# MD State FITA Field (marked) Championship--Labor Day



## montigre (Oct 13, 2008)

Okay, fulfilling my “Regal” duties…..Here’s another one for ya. 

Labor Day, September 6, 2010, MAA State FITA Field Championship to be held at Vingt-neuf Bowmen in White Marsh, Maryland. Shotgun start at 10:00 AM. This is a marked FITA field event and the great folks at VNB will be passing out a meters to yards cheat sheet to all shooters. :thumbs_up

So don’t be skeered of the "F" word and come out and try this very enjoyable field game of 24 targets (black face w/yellow dot) shot 3 arrows in each target for a total of 72 shots. Scoring is X = 6, dot = 5, then 4, 3, 2, 1, 0 for the remaining rings. Max score per round is 432.

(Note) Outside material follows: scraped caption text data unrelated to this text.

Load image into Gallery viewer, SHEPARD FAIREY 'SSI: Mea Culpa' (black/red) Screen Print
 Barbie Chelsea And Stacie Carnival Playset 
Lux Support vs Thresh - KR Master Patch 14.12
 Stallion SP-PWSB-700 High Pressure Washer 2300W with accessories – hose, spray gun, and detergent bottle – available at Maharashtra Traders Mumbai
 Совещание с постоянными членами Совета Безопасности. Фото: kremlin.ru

Hope to see you out there!! :teeth:

Still can't edit titles--should read MD and NOT MS....


----------



## GOT LUCKY (Apr 30, 2005)

montigre said:


> Okay, fulfilling my “Regal” duties…..Here’s another one for ya.
> 
> Labor Day, September 6, 2010, MAA State FITA Field Championship to be held at Vingt-neuf Bowmen in White Marsh, Maryland. Shotgun start at 10:00 AM. This is a marked FITA field event and the great folks at VNB will be passing out a meters to yards cheat sheet to all shooters. :thumbs_up
> 
> ...



*STICKY is your friend when it comes to fixin' about anything on AT...:wink:

HEYYYYyyyyyyyy....Sticky....got a little job for you.................*

.


----------



## montigre (Oct 13, 2008)

It's okay--it's a done deal and has gone down into the MD history books.


----------



## IGluIt4U (Sep 22, 2004)

GOT LUCKY said:


> *STICKY is your friend when it comes to fixin' about anything on AT...:wink:
> 
> HEYYYYyyyyyyyy....Sticky....got a little job for you.................*
> 
> .


 Aye.. got it.. albeit a tad late.. :embara:  :darkbeer:


----------



## pragmatic_lee (Jan 19, 2008)

IGluIt4U said:


> Aye.. got it.. albeit a tad late.. :embara:  :darkbeer:


Slacker


----------



## IGluIt4U (Sep 22, 2004)

pragmatic_lee said:


> Slacker


 Well, I ain't a FITA'r.. :noidea:  :tomato:


----------



## Spoon13 (Feb 20, 2007)

IGluIt4U said:


> Well, I ain't a FITA'r.. :noidea:  :tomato:


If that's what they're called, I don't think I WANT to be one.:chortle:


----------